真柏(シンパク)の盆栽は、その幹の曲線美や、枯れた部分を白く漂白した「舎利(シャリ)」の造形美が魅力です。しかし、幹が真っ直ぐな真柏に魅力的な舎利を作るのは難しいと感じる方もいるかもしれません。今回は、幹が真っ直ぐな木に意図的に捻れた舎利を作る「強制捻転」という特殊な方法について、具体的な工程とポイントを詳しく解説します。

「強制捻転」が必要な理由

盆栽における舎利は、通常、幹の流れに沿って自然に形成されます。しかし、幹が真っ直ぐな木の場合、舎利も真っ直ぐに伸びてしまい、変化に乏しく面白みに欠けることがあります。このような木に動きと奥行きを与えるために、人工的に捻りを加える「強制捻転」の技術が用いられます。

作業で使用する道具

強制捻転の作業では、主に以下の道具を使用します。

  • 彫刻刀: 学校で使うようなものでも代用可能ですが、盆栽用として販売されている彫刻刀も精度が高くおすすめです。
  • 盆栽鋏: 昌国や悦郎といった専門の鋏があると作業がはかどります。
  • 安全手袋: 刃物を使う作業のため、ナイロン製やケブラー製の安全手袋を着用し、怪我のリスクを減らすことが重要です。

「強制捻転」の具体的な工程

1. 水吸い(ミズスイ)を残して幹を削る

水吸いとは、木が水を吸い上げる生きた部分のことです。この作業では、真っ直ぐな水吸いを切らず、その間を空けるように幹を削っていきます。
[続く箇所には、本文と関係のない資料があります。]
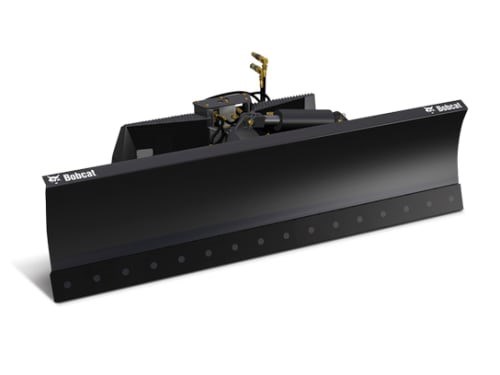 Dozer Blade - 96 6-Way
  • 削る範囲: 最初は水吸いを完全に繋げず、少しずつ広げて削り、後々繋げることを目指します。
  • 幹の下部: 根腐れを防ぐため、幹の下部は削りすぎずに少し残します。

2. 舎利の道筋をつける

彫刻刀を使い、将来の舎利の形を導くように斜めに削っていきます。水吸いは真っ直ぐに残しつつ、その周りの部分を丁寧に削り込んでいきます。

3. 水吸いの重要性

水吸いは、木が生きていく上で不可欠な部分です。舎利作りでは、特に以下の点に注意が必要です。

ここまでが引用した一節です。